CopyToDevice C# vs C, small blocks vs large blocks.

Jun 2, 2014 at 1:56 PM
I have a cuda(fy) project where the total amount of data does not fit on the GPU.
I need to "loop" blockwise through the data many times and do computations.

So if I have 10Gb of data I can theoretically put it in blocks of (for instance) 100Mb.
On a code-technic view it's better to put it in blocks of 1Mb. That is what we did for now.

At this moment the process is bounded by the "copytodevice" portion.
It's already much faster than CPU so we see the potential.
However, optimizing the GPU kernels is of no use since 90% of the time is in the cudafy "CopyToDevice" function.

Now I have 2 questions:

Is the copytodevice function in Cudafy much slower than ie. copying in native C ?
Possibly due to overhead in dataconversion etc.
In that case we need to switch to C. That would be a bummer.

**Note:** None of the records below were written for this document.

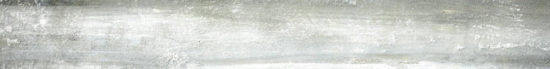 Aquarius Azzurro 3X24 | Alita Tile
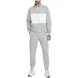 Спортивный Костюм Мужской Nike Sportswear Essential Fleece Tracksuit (DM6836-063), XXL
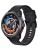  Умные часы Haylou Solar Ultra (LS23/HF009) черные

If we would copy in blocks of 10..100Mb instead of 1Mb.. would this be beneficial ?
Bigger blocks would give us some ugly code constructs but if it's worth it we'd do it.
If it's a big benefit we can stay in C#.

Thanks for the answer!
Jun 3, 2014 at 7:58 AM
Q1: Fractionally. I doubt you'd be able to measure it consistently.
Q2: The proof is in the pudding. You can test this very quickly by modifying code sample in the CudafyByExample project. Remember you can pipeline your transfers. Put copies and launches in parallel. If using a Quadro or Tesla you can have copy to, launch and copy from in parallel.
Aug 24, 2014 at 9:16 AM
Just to inform you.
There was some overhead in CopyToDevice.
Batching the copies does improve the throughput.

However.. Somehow my profiler gave wrong information.
It was a kernel that took the most time.